The collapse of UK construction giant Carillion is a timely reminder of the role that corporate governance has in ensuring a company’s longevity.
Spiraling debts forced Carillion into compulsory liquidation after three profit warnings in five months. Since then, serious governance concerns have been raised, including the company having paid an increasing dividend over a number of years, while presiding over a pension deficit in excess of £500 billion.
Corporate governance is an ever-evolving beast and the standards which companies are expected to adhere to are moving higher, for good reasons. Even without Carillion’s demise, this was always going to be a particularly hot topic this year, with a number of government-led efforts to catalyse change under way – spanning topics including executive pay, directors’ duties and board composition.
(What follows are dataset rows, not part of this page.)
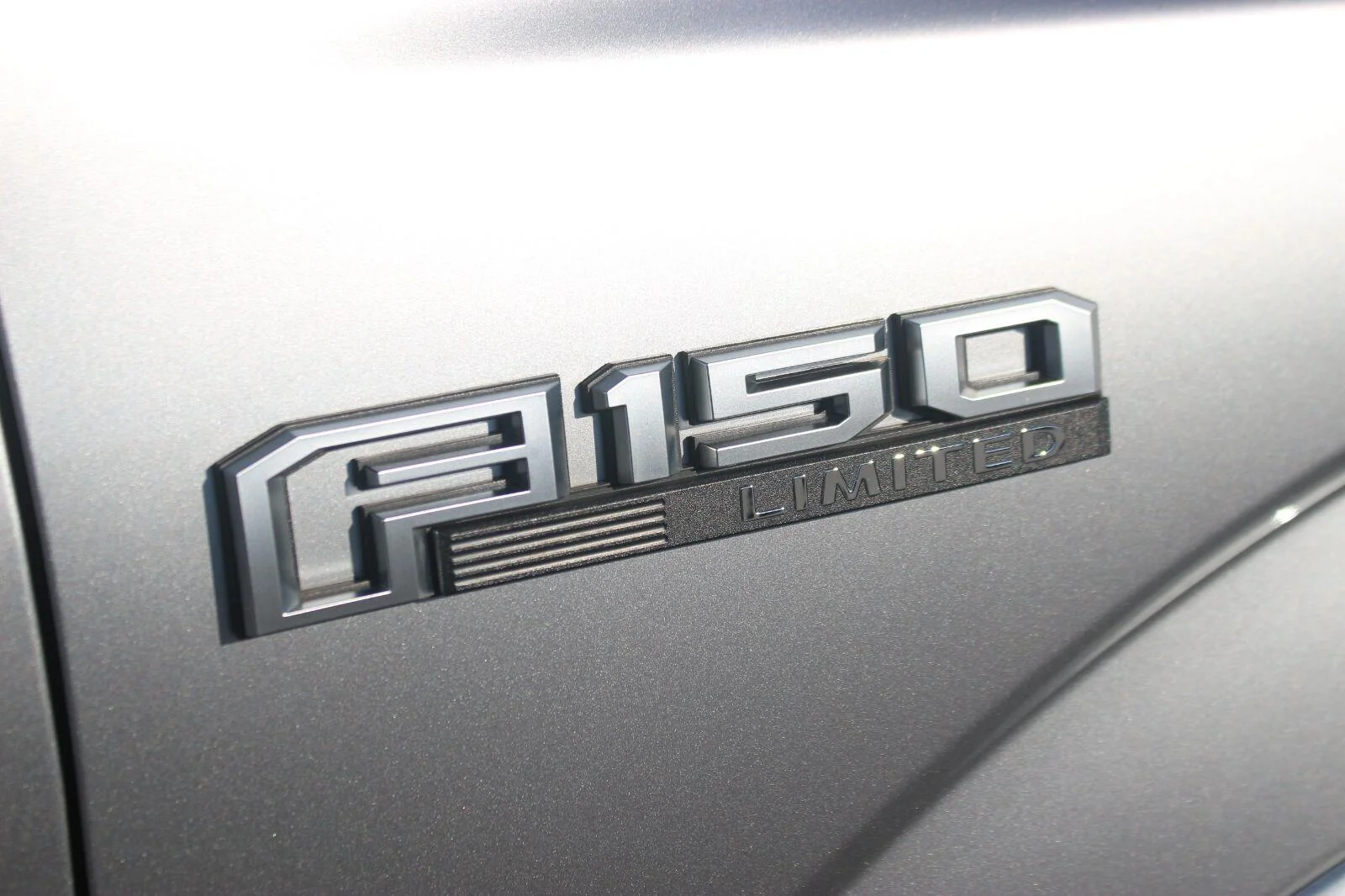 Used 2020 Silver Ford Limited image 10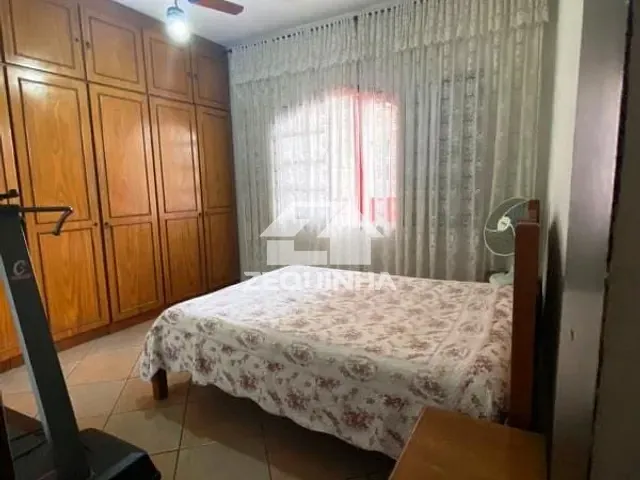 Prédio com 160m² 7 quartos e 5 banheiros, à venda, no bairro Vila Menk em Osasco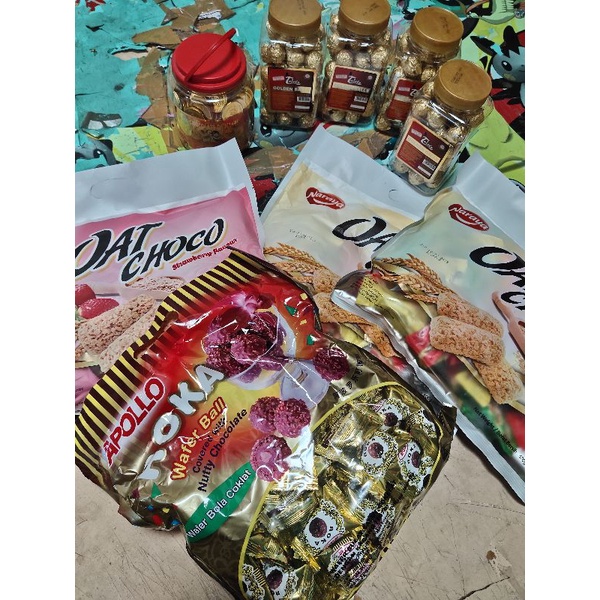

OAT CHOCO / TOBELLO GOLDEN / ROKA COKLAT SNACK LEBARAN PARCEL HAMPERS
The pending revision of the UK Corporate Governance Code by the Financial Reporting Council (FRC) – which we will be contributing our thoughts to – is a relevant case in point. Mooted revisions include a hardening stance on what constitutes an independent director; ensuring appointments and succession planning at company-management level promote gender, social and ethnic diversity; increased scrutiny over executive remuneration and a greater promotion of a healthy corporate culture.
What’s more, previous exemptions for smaller companies are being removed, such as the requirement for a majority of independent board members. The FRC notes ‘even smaller companies should strive for the highest standards of corporate governance’.
Interestingly, we are seeing many of the same themes in the Monetary Authority of Singapore’s recent proposed revisions to its own code, with emphasis on a more streamlined set of guidelines, more thoughtful application from companies (rather than it being a box-ticking exercise) and tougher recommendations on board independence.
Will these reforms make a difference? We think so, but we caution against viewing them in isolation. They fit into a broader push, involving shareholders and asset managers like ourselves, to promote good governance and more long-term ‘holistic’ thinking. Indeed, this is what we mean when we talk about stewardship.